Calculating the charging priority of the electric automobile according to the following relation:
power allocation based on charging priority in the following relationship:
the invention also discloses a city power grid electric vehicle cooperative regulation and control system based on real-time information, which comprises a data acquisition module, an energy boundary calculation module of an electric vehicle aggregation group, a day-ahead scheduling plan module, an objective function construction module, a positive and negative ideal solving module and a power distribution module;
the data acquired by the data acquisition module comprises the battery capacity of the electric automobile and the efficiency of the charging pile in the charging time, and the acquired data is input to an energy boundary calculation module of an electric automobile aggregation group;
the energy boundary calculation module of the electric automobile aggregation group calculates the energy boundary numerical value of a single electric automobile according to the received data, then calculates the energy boundary numerical value of the aggregation group, and inputs the calculation result to the day-ahead scheduling plan module;
the day-ahead scheduling plan module makes a day-ahead scheduling plan according to the boundary numerical value and inputs the made plan to the target function construction module;
the target function construction module constructs a target function according to the result input by the day-ahead scheduling plan module and inputs the target function to the positive and negative ideal solving module;
the positive and negative ideal solving module calculates positive and negative ideal solutions and inputs the solved solution values to the power distribution module;
the power distribution module calculates the charging priority of the electric automobile and charges the electric automobile according to the charging priority.

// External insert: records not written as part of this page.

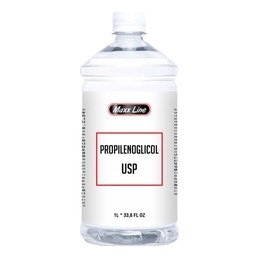 Propileno Glicol  1 Litro Diluente Para FIxação de Produtos De Cheiro Perfumes Desifetantes Amacientes em Oferta na Shopee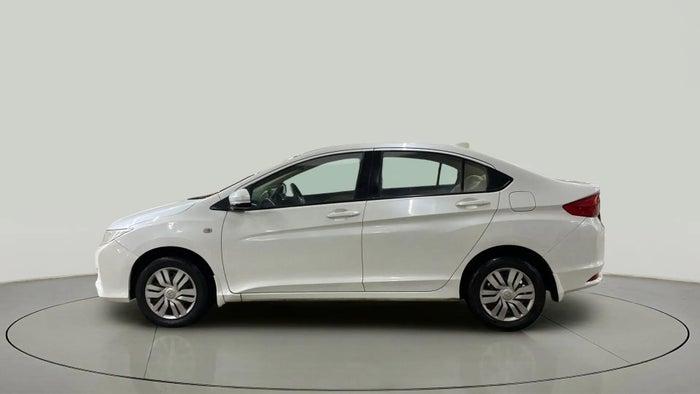 2015 HONDA CITY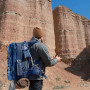 Sac à dos 60L Handsfree 2 (avec station de charge intégrée) - Bluetti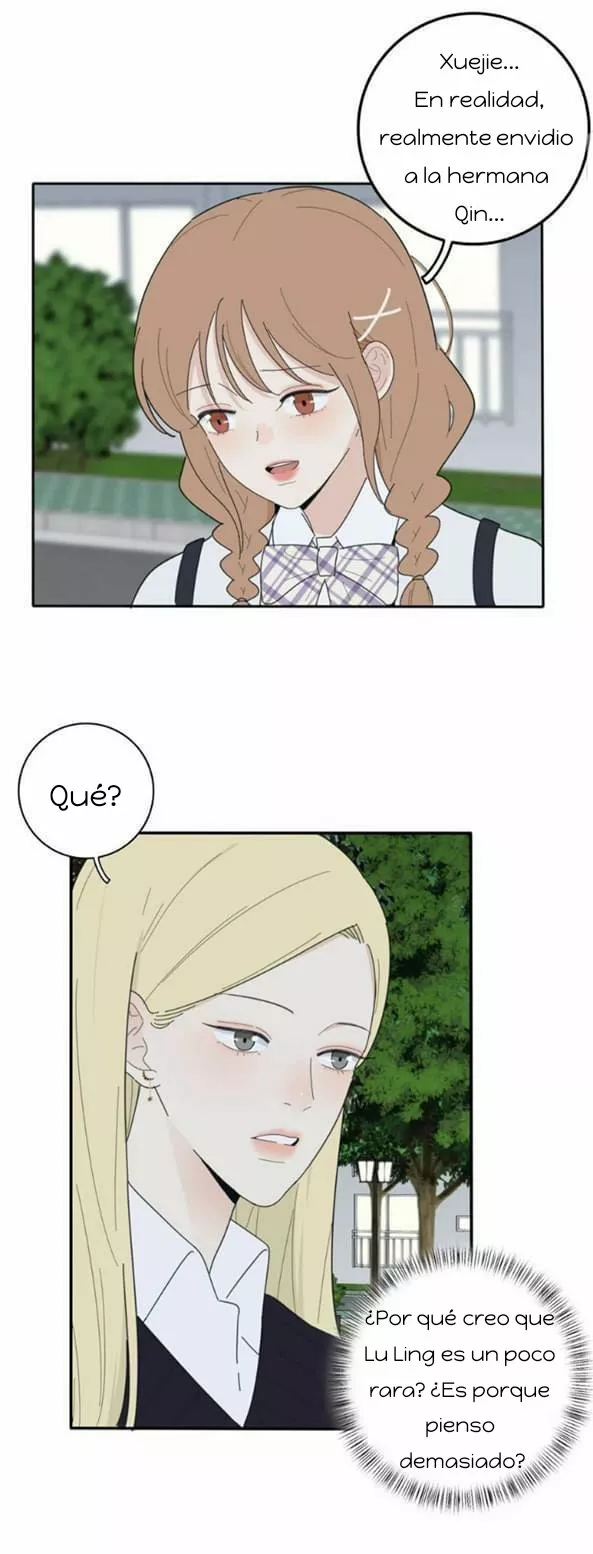 Baili Jin entre los mortales Capítulo 59 - Page 7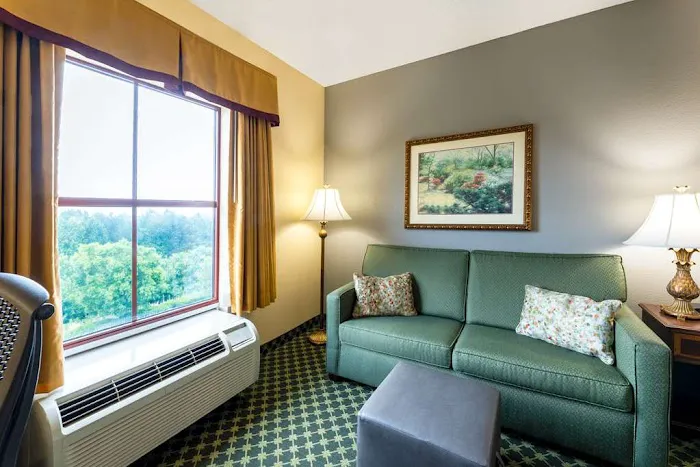 Hampton Inn Lawrenceville Duluth 4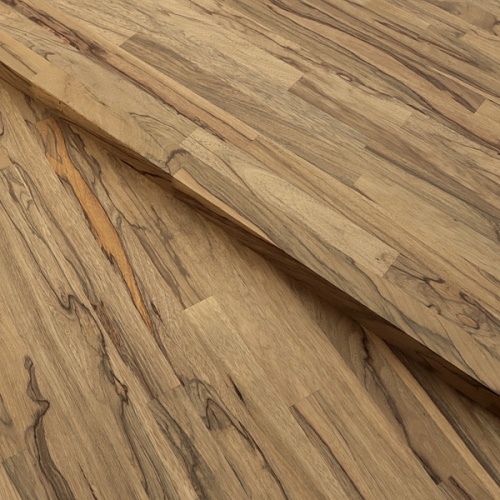 Мебельный щит из Блэк Офрама сращенного Мебельный щит из Блэк Офрама сращенного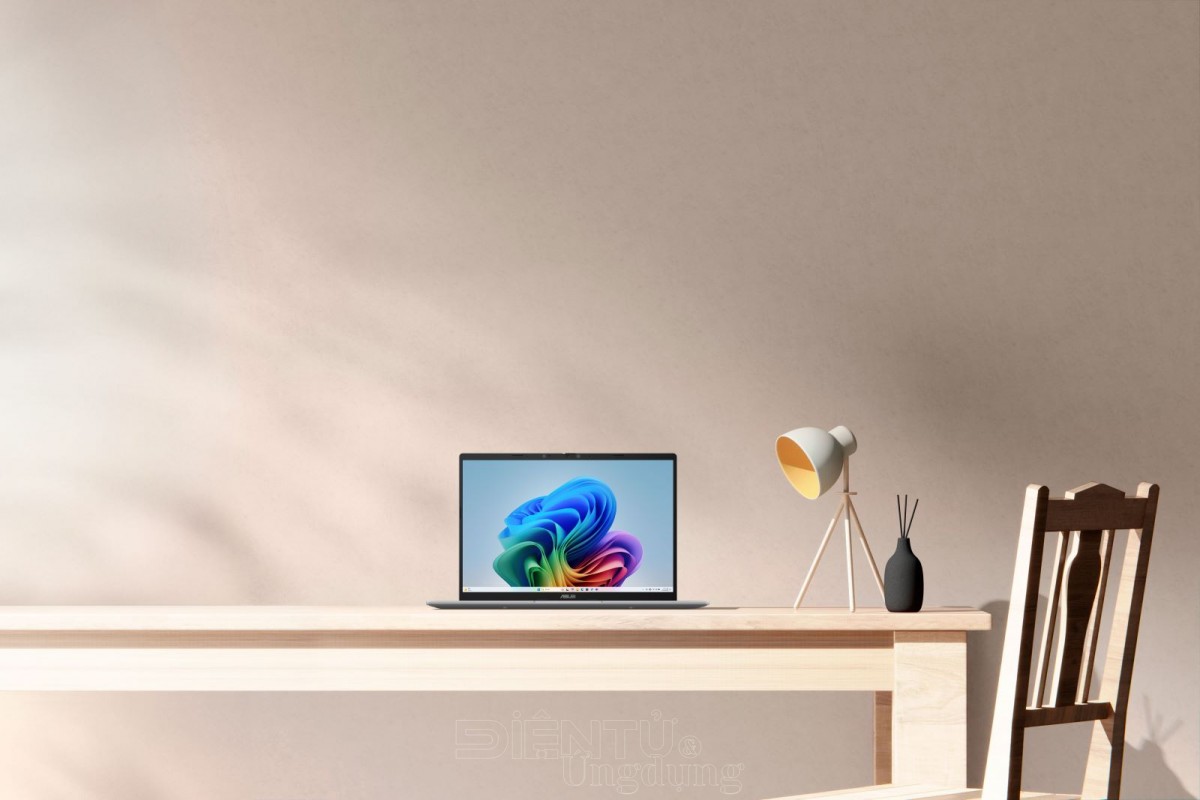 ASUS ra mắt loạt laptop AI trang bị Intel® Core™ Ultra (Series 2) 2025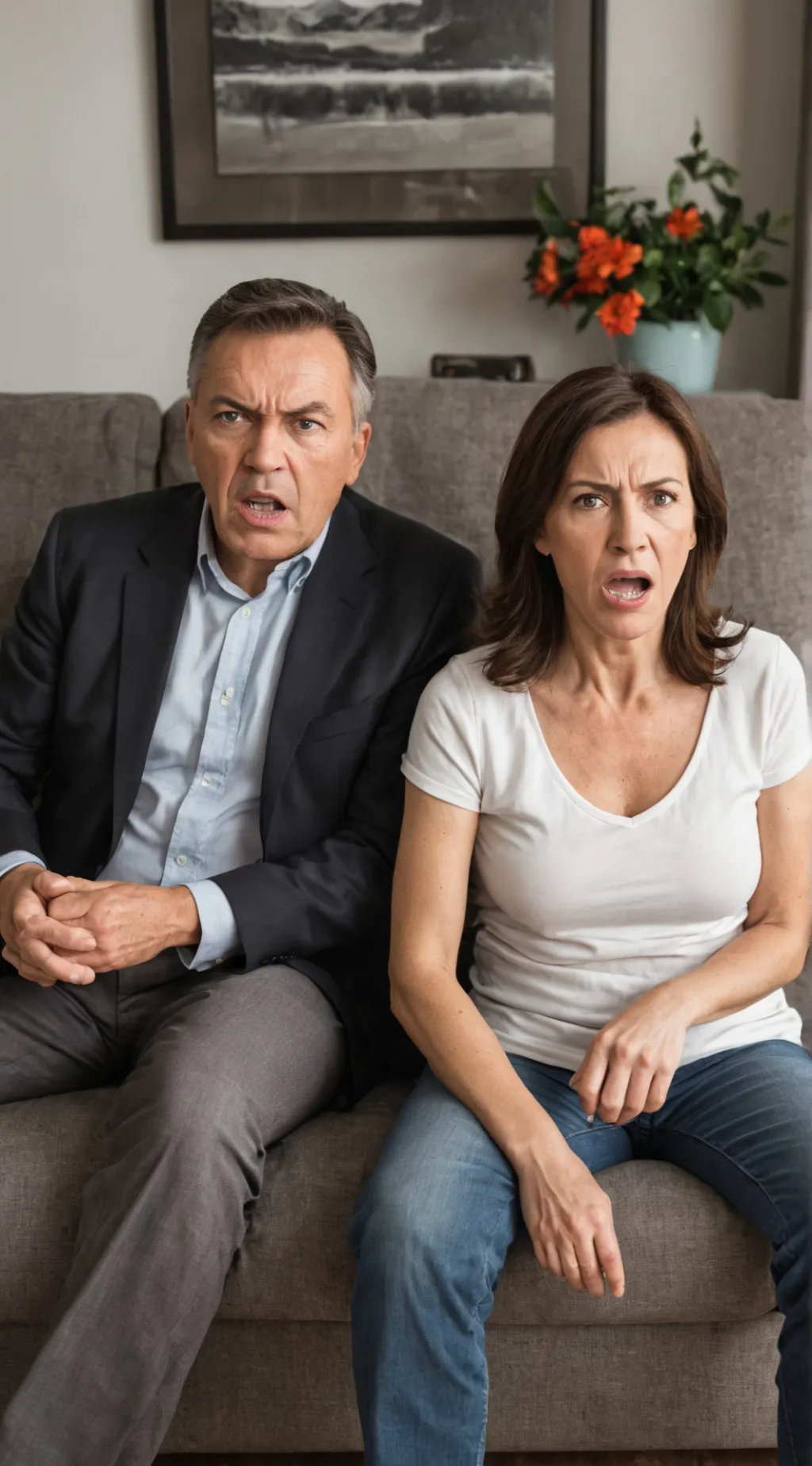 ai character: mean parents stric background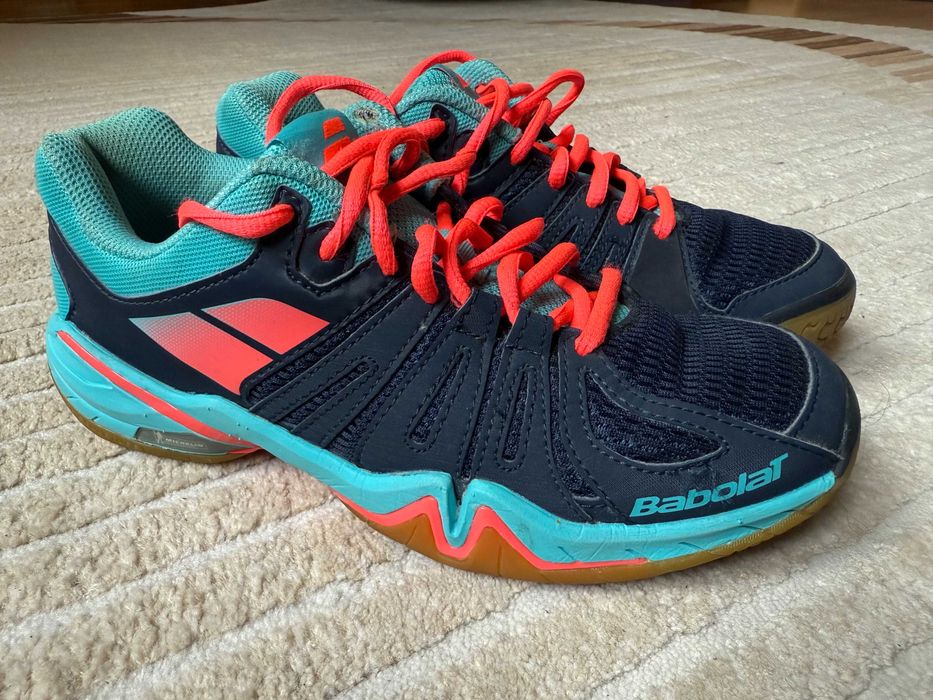 Buty Sportowe Tenisowe BABOLAT r.38
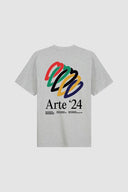 Teo Back Hearts T-shirt Arte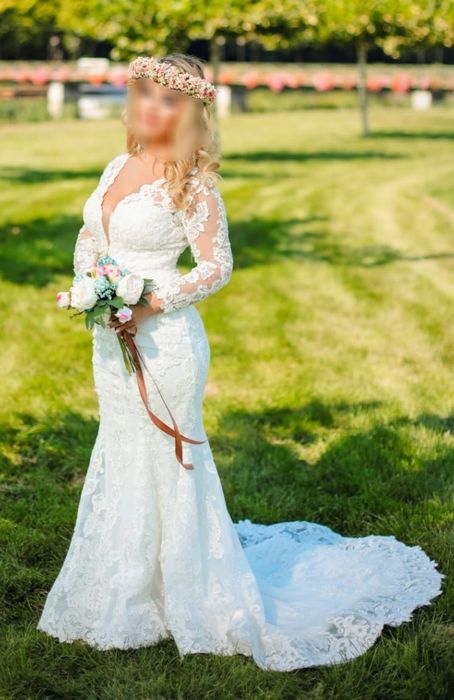 Rochie de mireasă La Novia - Passion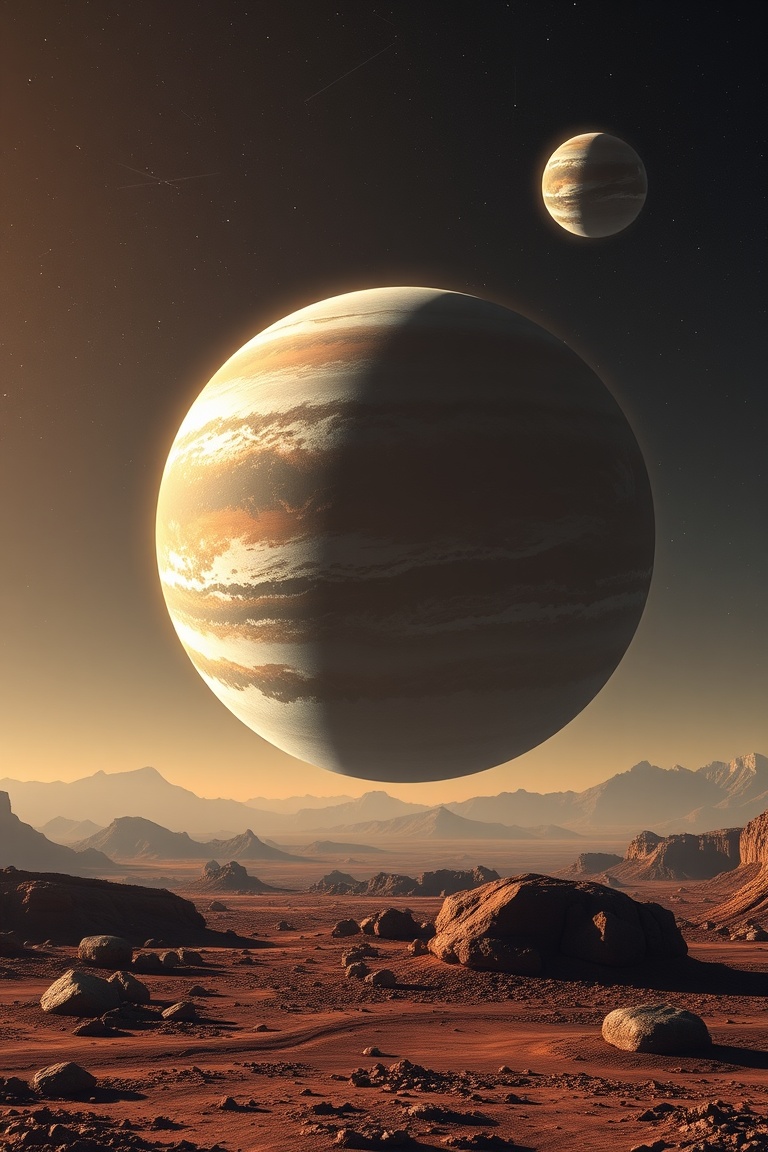 Beautiful Planets Inspiration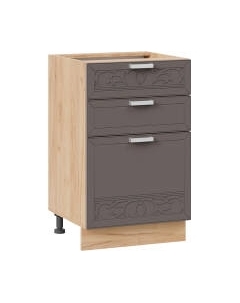 Шкаф-стол кухонный ТриЯ Долорес 1Н5Я3 Трия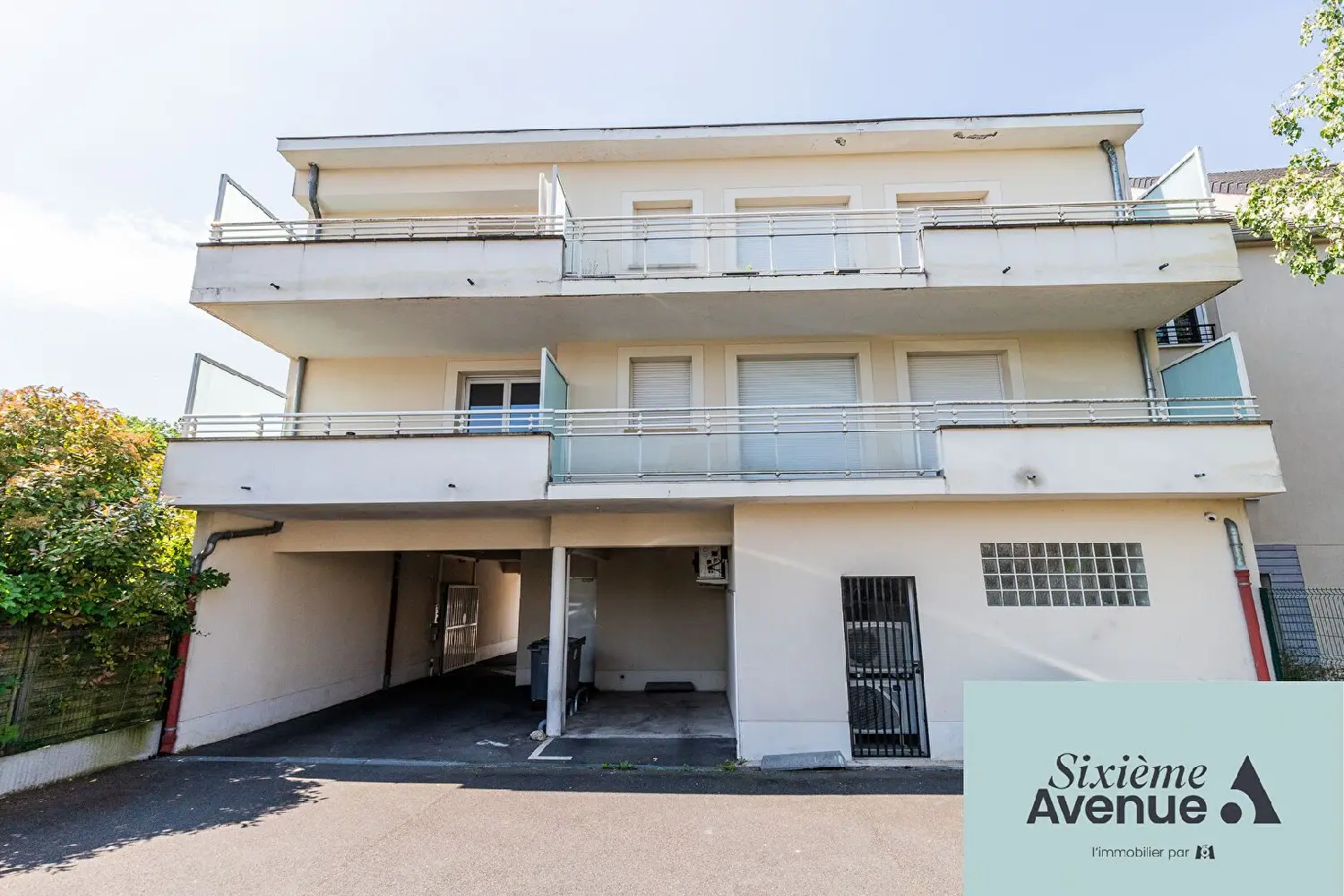  te koop appartement Chilly-Mazarin Essonne 1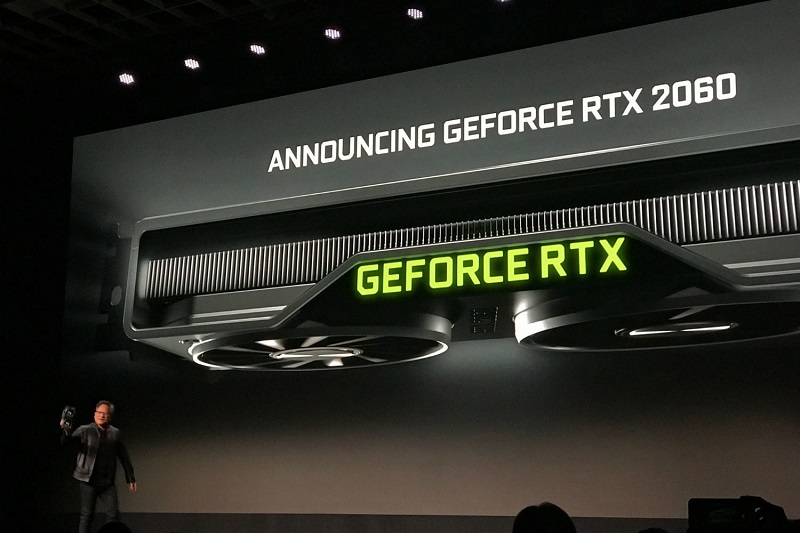 Sự kiện ra mắt sắp tới của NVIDIA sẽ chính thức mở bán dòng card RTX 2060 VRAM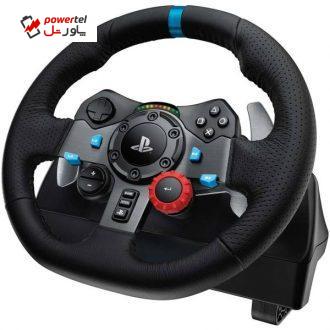 فرمان بازی لاجیتک مدل G29 Driving Force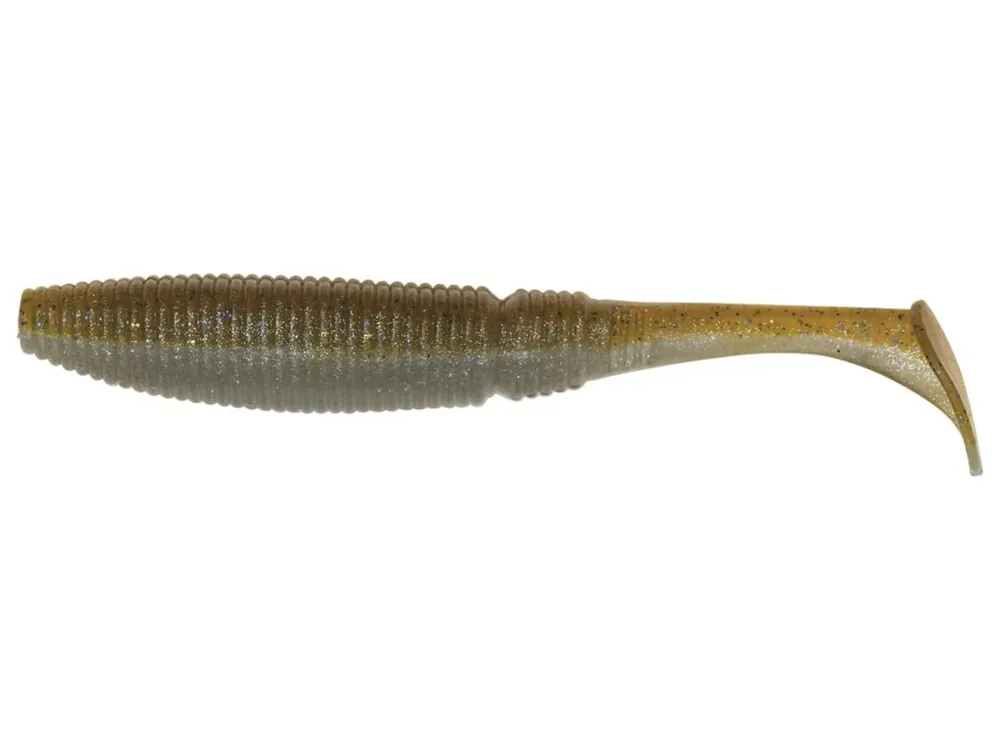 Kinetic Seductor Shad PT - Slimy Frog 15cm/28g/1ks Nejlepší Volba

Compared with the prior art, the invention has the beneficial effects that a parameterized aggregation EV charging model based on real-time information is provided, and the charging flexibility is expressed by using an energy boundary; the charging priorities of the electric vehicles connected into the power grid are sequenced by using a good-bad solution distance method, so that the square sum of the deviations of the active output correction in the day is minimum while the influence of the traveling uncertainty of the electric vehicles on the day-ahead scheduling plan is reduced. The precision of the original day-ahead optimization is improved, the components which are optimized in real time in the day are added, the scheduling time is saved, and the real-time performance and the accuracy are improved.
Drawings
FIG. 1 is a block diagram of the steps of the city power grid electric vehicle cooperative regulation and control method based on real-time information according to the present invention;
FIG. 2 is a block diagram of a group energy boundary and dispatch plan for a previous electric vehicle in accordance with an embodiment of the present invention;
FIG. 3 is a flowchart of a dispatch plan modification based on real-time information in an implementation of the present invention.
Detailed Description
The present application is further described below with reference to the accompanying drawings. The following examples are only for illustrating the technical solutions of the present invention more clearly, and the protection scope of the present application is not limited thereby.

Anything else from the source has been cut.